狂人もいたものだ。これを教訓にして…と言いたいところだが、シュミットの友敵理論の本質は別のところにあり、それがとても厄介なのだ。

どういうことだろうか。友と敵に別れて闘争するという構造はあまりにもアクチュアルに政治の本質をついてしまっているのだ。

#〜に抗議します、#〜を応援します。Twitterでよく見るタイプのハッシュタグだ。これはまさしくシュミットのいう、友はAというハッシュタグ、敵はBというハッシュタグをそれぞれつけて闘争し合う(リプの応酬)政治の構造そのものだ。

そして、SNSで闘争をしている多くの人はシュミットのことなんて知らないだろう。つまり、無意識にやっているということだ。これはシュミットの友敵理論が正しいことを証明している。

一方でシュミットを否定したいのだか、他方ではシュミットの言うとおりに政治が行われている現実がある。

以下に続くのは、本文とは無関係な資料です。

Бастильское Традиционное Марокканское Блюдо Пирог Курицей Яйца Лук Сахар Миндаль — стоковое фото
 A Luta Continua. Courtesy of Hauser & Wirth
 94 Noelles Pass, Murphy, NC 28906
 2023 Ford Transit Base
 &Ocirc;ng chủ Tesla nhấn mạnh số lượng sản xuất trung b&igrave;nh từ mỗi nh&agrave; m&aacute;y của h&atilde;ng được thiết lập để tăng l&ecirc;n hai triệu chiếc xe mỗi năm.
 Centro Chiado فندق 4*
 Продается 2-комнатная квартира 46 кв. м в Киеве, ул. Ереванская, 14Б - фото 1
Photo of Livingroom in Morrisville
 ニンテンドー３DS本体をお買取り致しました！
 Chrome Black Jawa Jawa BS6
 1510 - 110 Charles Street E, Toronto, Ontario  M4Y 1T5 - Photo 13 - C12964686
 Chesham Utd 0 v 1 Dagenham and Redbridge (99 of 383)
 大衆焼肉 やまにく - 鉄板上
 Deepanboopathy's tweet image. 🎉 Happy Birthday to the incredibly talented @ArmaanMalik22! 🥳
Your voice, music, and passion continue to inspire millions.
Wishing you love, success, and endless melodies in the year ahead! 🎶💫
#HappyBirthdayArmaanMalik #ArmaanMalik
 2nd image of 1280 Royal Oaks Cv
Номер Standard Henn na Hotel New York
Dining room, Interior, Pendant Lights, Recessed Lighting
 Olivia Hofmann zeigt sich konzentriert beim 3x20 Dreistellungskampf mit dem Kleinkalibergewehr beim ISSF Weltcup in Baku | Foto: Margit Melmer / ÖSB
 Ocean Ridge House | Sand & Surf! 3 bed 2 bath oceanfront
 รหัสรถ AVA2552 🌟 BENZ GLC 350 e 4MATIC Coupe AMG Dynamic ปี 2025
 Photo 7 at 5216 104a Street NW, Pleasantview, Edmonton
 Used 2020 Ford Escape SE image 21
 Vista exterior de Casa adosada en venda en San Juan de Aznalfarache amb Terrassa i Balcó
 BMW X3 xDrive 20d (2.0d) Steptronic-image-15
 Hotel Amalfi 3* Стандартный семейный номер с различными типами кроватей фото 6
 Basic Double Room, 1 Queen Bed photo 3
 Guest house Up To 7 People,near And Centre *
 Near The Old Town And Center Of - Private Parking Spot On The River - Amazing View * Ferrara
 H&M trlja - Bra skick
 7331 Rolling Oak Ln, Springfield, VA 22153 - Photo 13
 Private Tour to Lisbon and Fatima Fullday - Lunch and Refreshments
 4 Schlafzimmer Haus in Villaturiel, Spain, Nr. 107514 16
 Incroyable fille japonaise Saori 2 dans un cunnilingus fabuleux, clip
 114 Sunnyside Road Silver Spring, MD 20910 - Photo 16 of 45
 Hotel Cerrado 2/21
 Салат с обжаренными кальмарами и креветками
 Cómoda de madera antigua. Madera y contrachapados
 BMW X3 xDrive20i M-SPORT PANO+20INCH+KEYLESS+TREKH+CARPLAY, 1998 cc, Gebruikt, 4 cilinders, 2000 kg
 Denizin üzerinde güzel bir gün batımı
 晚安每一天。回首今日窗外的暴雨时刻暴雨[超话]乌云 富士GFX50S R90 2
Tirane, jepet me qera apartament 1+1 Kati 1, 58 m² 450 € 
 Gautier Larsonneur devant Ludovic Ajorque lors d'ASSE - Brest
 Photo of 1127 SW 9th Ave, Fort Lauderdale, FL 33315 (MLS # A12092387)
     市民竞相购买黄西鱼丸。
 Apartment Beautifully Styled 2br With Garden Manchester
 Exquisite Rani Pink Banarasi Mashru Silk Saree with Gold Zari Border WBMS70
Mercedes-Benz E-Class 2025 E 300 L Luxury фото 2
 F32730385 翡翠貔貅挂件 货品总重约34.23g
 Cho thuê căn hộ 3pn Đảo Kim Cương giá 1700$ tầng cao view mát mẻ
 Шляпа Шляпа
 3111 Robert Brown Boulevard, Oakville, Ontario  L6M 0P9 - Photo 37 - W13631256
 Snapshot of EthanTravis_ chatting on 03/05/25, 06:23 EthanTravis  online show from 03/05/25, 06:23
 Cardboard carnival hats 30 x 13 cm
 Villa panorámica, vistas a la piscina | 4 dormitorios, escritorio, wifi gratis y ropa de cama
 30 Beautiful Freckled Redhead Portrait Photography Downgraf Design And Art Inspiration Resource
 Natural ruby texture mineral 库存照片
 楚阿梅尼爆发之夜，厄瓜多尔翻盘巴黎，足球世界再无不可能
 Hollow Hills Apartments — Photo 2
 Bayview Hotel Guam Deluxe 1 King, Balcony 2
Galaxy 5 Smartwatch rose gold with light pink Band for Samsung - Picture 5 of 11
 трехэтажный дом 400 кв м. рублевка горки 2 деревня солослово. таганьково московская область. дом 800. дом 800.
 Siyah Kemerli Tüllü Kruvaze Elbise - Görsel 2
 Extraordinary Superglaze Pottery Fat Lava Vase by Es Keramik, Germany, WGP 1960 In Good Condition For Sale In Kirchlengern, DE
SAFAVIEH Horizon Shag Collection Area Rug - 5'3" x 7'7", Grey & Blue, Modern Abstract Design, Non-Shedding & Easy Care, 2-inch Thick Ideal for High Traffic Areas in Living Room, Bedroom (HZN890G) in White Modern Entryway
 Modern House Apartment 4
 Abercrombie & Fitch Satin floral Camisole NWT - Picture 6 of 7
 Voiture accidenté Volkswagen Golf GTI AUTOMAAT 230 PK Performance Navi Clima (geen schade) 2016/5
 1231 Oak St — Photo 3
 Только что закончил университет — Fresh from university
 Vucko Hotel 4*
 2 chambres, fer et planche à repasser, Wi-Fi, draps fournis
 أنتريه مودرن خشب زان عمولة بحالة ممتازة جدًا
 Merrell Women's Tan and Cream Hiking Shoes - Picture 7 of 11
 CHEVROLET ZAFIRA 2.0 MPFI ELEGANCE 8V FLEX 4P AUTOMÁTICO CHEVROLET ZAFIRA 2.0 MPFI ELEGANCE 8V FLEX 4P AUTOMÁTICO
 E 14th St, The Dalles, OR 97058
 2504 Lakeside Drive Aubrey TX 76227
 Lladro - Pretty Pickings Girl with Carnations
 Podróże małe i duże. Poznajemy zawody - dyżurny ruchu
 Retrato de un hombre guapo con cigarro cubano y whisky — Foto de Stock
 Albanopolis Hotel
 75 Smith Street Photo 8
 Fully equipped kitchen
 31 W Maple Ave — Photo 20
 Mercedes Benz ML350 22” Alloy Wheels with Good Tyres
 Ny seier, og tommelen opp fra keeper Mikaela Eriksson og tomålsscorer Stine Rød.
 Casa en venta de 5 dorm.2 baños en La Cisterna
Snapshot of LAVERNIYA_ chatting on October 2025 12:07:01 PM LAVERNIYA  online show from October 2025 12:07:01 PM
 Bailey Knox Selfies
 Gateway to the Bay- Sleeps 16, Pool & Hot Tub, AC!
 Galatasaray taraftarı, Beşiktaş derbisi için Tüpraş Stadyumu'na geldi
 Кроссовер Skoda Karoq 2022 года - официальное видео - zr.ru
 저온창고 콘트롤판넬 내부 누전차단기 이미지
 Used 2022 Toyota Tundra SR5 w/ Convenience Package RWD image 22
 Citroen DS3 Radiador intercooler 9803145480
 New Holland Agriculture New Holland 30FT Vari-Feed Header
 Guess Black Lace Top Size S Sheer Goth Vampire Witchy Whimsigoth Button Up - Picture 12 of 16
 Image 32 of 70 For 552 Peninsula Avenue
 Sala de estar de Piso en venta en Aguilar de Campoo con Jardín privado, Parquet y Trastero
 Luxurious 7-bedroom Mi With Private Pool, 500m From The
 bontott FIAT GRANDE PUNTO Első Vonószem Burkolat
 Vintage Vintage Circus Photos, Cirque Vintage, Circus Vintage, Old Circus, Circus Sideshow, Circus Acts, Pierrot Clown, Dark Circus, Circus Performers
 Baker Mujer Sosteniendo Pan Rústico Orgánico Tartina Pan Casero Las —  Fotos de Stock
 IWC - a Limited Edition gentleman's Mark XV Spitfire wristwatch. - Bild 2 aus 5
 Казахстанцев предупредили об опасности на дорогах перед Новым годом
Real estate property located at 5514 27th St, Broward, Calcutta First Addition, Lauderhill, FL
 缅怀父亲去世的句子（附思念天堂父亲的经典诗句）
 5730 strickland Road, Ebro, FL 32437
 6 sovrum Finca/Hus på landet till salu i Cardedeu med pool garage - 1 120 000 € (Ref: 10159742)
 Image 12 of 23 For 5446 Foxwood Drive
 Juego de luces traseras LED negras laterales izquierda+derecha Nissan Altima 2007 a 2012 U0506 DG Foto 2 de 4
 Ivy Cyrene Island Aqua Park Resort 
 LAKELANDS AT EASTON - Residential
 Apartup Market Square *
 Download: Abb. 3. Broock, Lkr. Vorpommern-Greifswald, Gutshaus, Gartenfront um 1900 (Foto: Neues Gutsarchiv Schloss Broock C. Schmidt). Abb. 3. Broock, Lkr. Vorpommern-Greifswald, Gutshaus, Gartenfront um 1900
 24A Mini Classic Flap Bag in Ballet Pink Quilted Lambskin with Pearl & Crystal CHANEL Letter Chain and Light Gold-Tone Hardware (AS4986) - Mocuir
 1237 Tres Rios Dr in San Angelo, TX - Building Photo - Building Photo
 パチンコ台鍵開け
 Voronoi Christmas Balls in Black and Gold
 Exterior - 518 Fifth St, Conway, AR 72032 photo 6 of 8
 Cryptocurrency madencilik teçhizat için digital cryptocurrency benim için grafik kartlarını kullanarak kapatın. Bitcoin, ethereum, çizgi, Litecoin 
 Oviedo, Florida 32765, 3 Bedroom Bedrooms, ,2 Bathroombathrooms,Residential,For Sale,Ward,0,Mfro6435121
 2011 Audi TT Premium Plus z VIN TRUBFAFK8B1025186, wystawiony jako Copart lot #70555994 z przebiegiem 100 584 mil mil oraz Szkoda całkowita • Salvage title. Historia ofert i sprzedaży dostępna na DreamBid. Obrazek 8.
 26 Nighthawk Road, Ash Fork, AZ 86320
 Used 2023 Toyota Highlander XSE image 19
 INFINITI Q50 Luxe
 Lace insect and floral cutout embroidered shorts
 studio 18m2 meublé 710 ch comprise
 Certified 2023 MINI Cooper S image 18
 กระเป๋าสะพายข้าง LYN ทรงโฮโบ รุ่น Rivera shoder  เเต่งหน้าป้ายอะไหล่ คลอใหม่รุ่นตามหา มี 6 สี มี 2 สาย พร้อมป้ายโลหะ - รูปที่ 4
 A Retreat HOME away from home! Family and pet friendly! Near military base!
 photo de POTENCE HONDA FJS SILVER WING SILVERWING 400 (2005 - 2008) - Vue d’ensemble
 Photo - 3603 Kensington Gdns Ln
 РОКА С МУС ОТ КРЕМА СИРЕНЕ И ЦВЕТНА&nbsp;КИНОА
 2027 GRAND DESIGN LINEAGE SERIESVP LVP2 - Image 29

友敵理論に対抗する唯一の手段は友を作らないこと、すなわち個人主義だ。

友とつるまないこと、一人で生きていくこと、闘争をしないで生きていくための結論がこれとは。悲しい。貧しい。しかし、誰かを傷つけてまで生きたくない。なんと愚かな帰結。でもそれ以外の生き方を僕は知らない。

知らない。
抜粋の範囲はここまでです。